BEGIN DATA

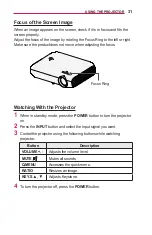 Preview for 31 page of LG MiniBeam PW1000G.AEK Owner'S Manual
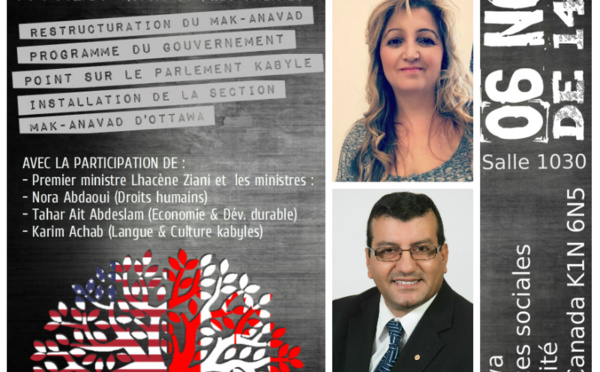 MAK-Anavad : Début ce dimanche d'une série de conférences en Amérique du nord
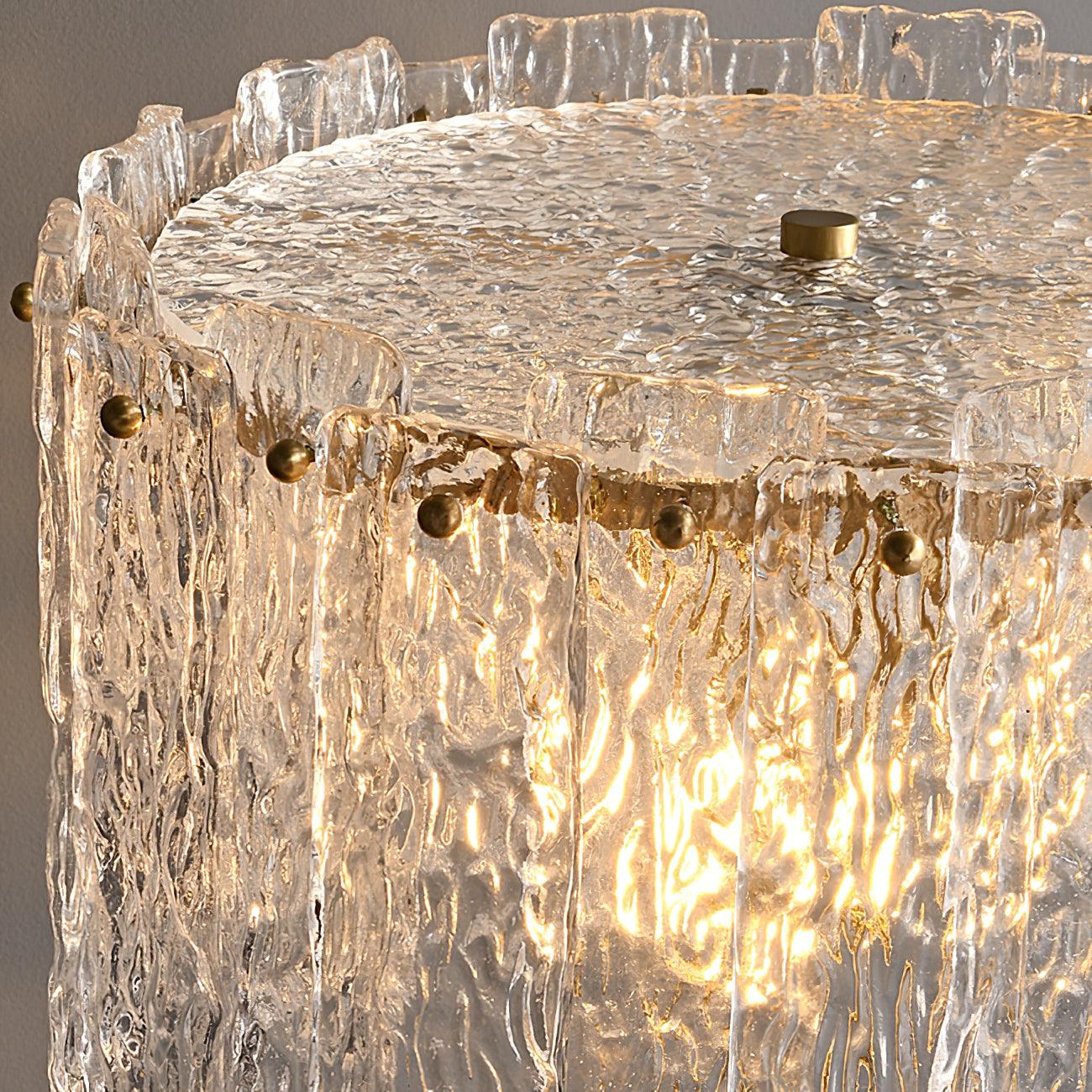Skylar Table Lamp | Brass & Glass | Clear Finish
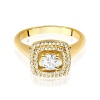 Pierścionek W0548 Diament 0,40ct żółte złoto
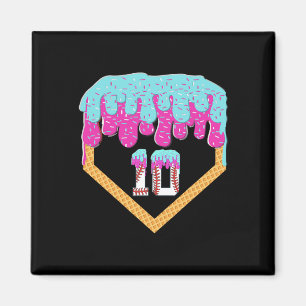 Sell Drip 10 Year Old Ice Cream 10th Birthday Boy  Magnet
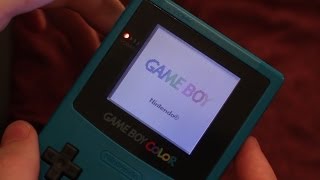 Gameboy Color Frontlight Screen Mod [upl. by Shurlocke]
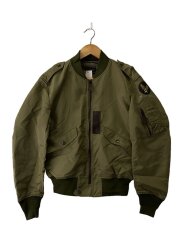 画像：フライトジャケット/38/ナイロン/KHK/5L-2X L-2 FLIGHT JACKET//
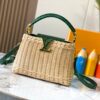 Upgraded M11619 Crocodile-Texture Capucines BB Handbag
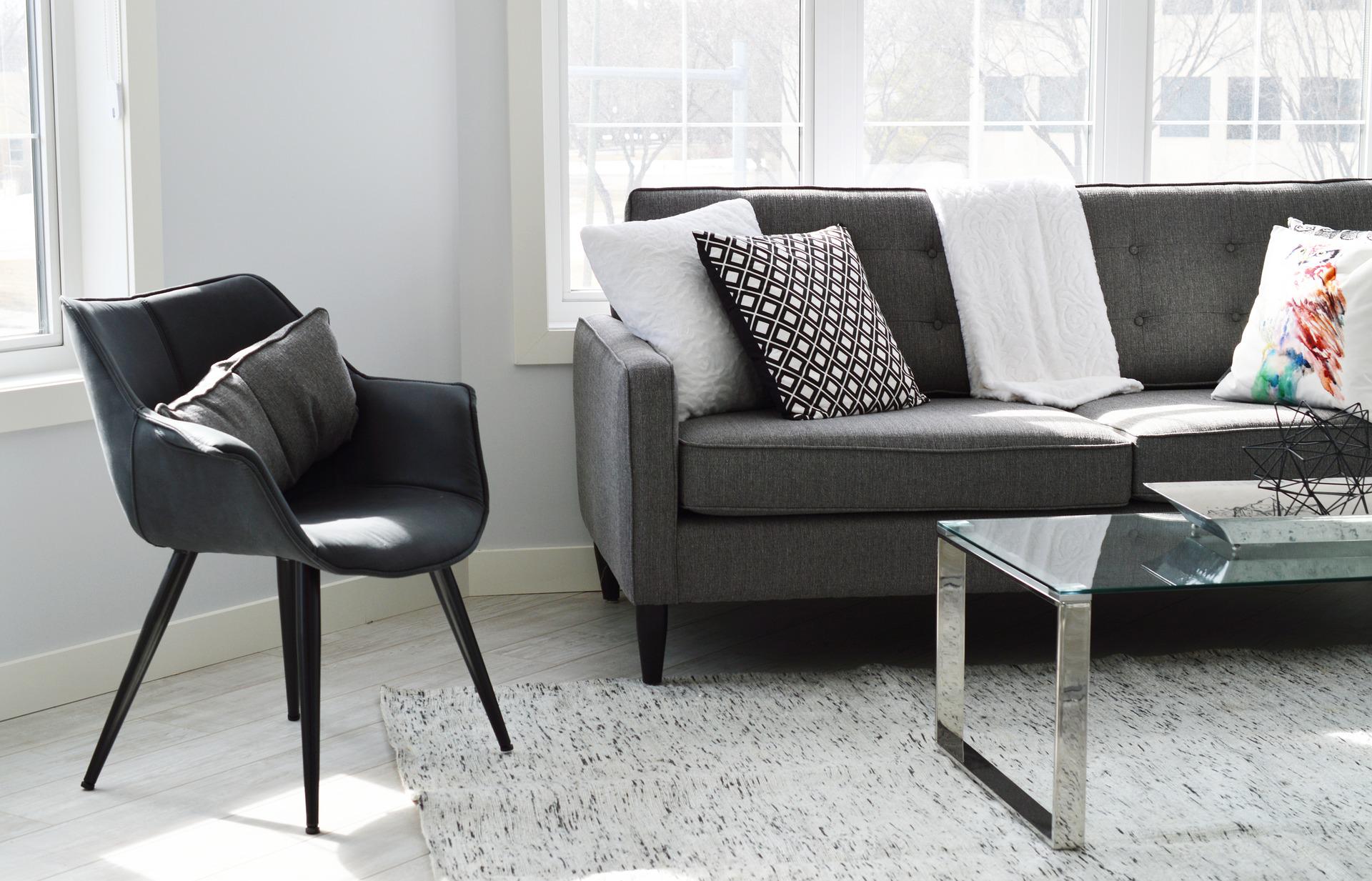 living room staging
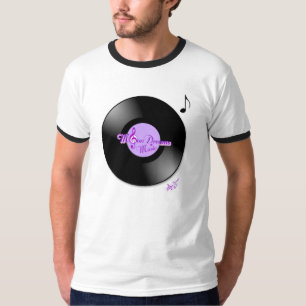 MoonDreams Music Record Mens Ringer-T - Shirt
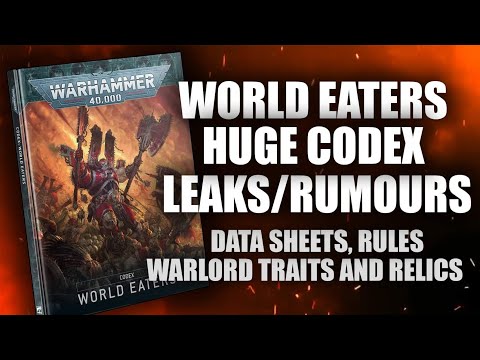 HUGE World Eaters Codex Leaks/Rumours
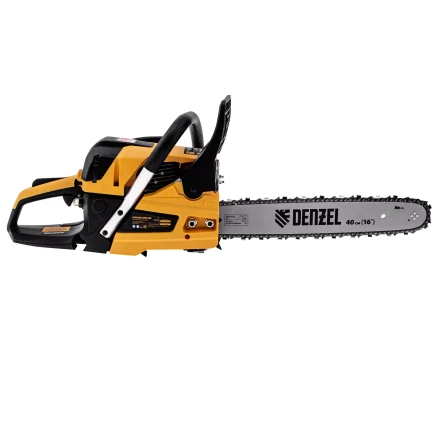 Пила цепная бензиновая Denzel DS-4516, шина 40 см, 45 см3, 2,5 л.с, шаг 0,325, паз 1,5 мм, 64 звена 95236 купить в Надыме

END DATA
BEGIN DATA

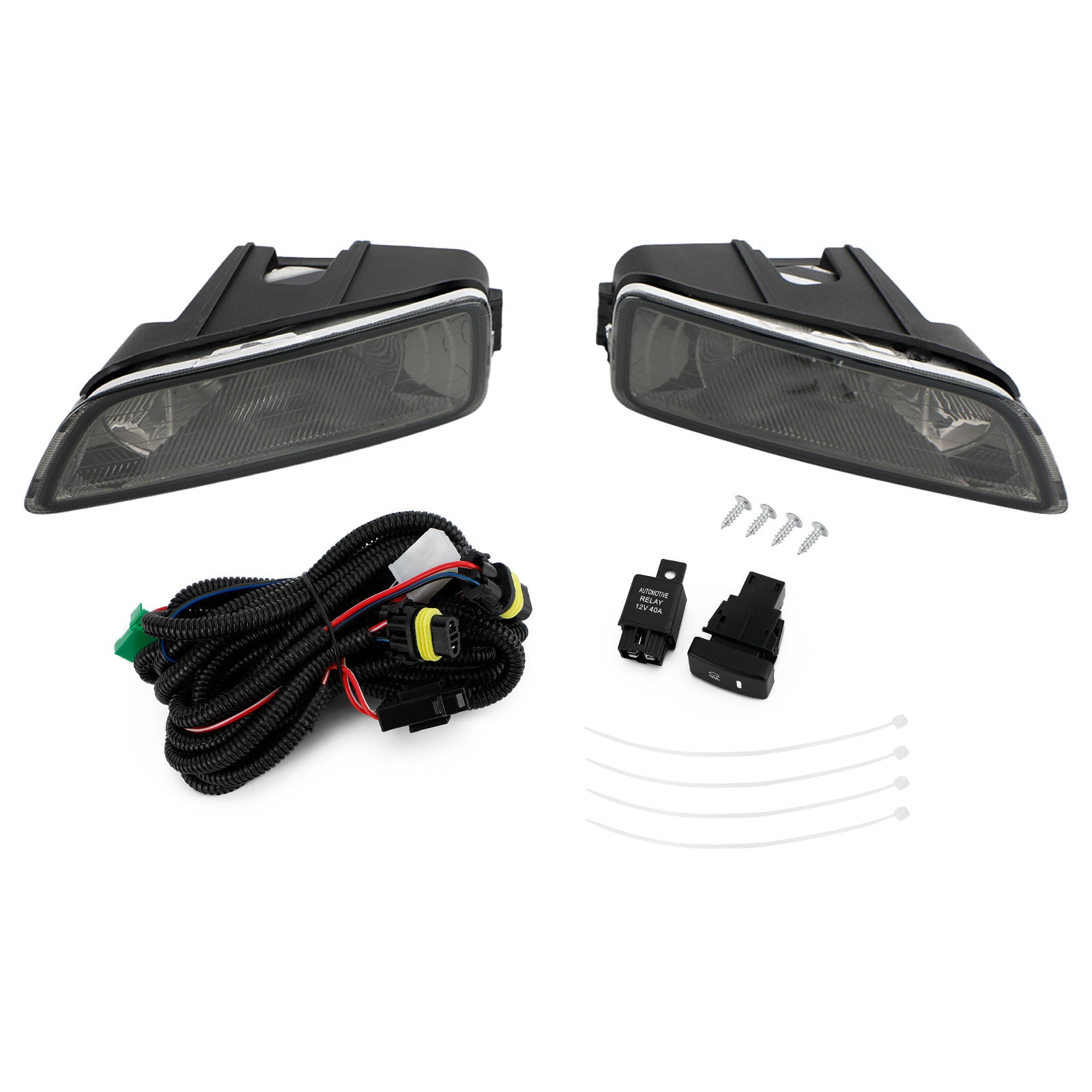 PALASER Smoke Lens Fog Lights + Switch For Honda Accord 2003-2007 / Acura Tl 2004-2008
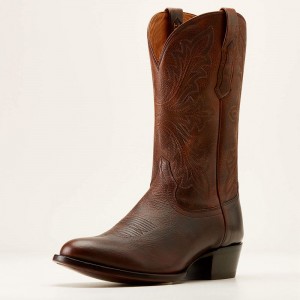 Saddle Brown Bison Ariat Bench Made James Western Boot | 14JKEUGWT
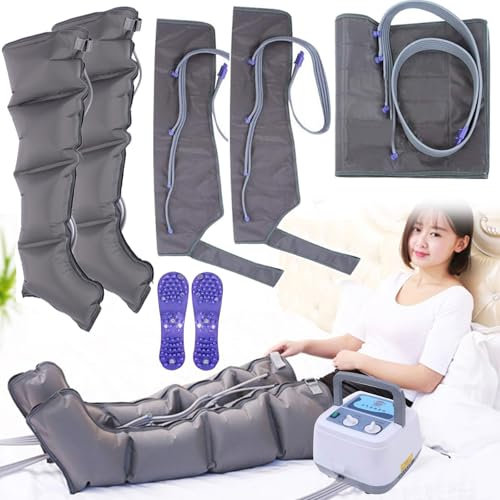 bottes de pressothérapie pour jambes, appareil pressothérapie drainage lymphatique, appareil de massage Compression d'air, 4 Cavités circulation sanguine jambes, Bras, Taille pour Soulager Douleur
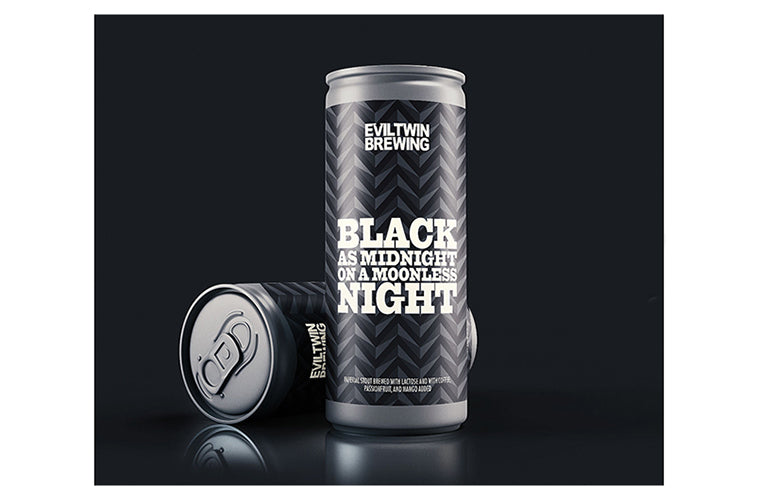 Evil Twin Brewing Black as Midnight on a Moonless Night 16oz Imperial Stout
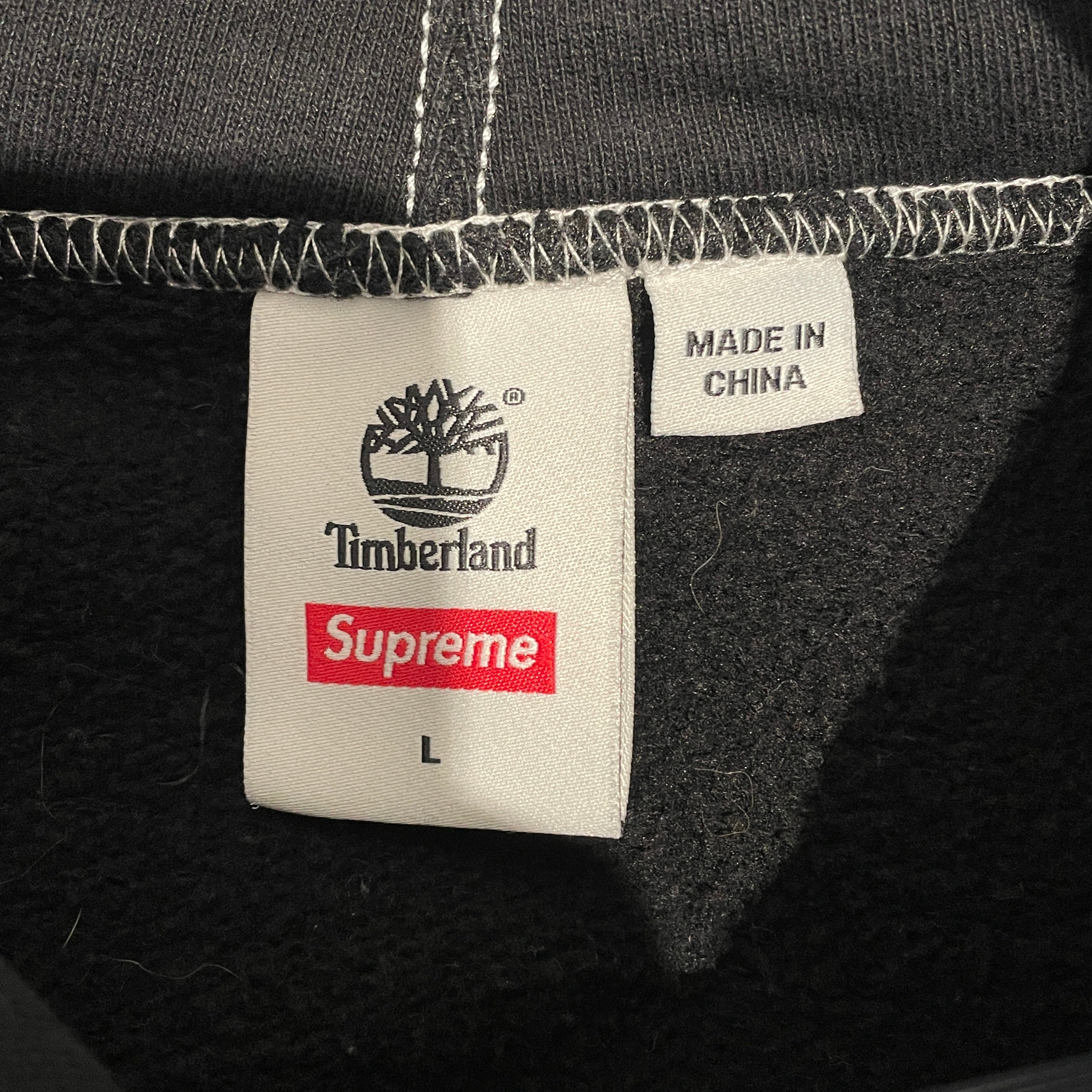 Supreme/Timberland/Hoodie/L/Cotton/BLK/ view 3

END DATA

PROMPT | Take only the lines above from the one that has "Gameboy Color Frontlight" through the one that has "Пила цепная бензиновая" and reproduce them exactly, omitting any pictures.

OUTPUT BELOW |
 Gameboy Color Frontlight Screen Mod [upl. by Shurlocke]
 画像：フライトジャケット/38/ナイロン/KHK/5L-2X L-2 FLIGHT JACKET//
 Upgraded M11619 Crocodile-Texture Capucines BB Handbag
 living room staging
 MoonDreams Music Record Mens Ringer-T - Shirt
 HUGE World Eaters Codex Leaks/Rumours
 Пила цепная бензиновая Denzel DS-4516, шина 40 см, 45 см3, 2,5 л.с, шаг 0,325, паз 1,5 мм, 64 звена 95236 купить в Надыме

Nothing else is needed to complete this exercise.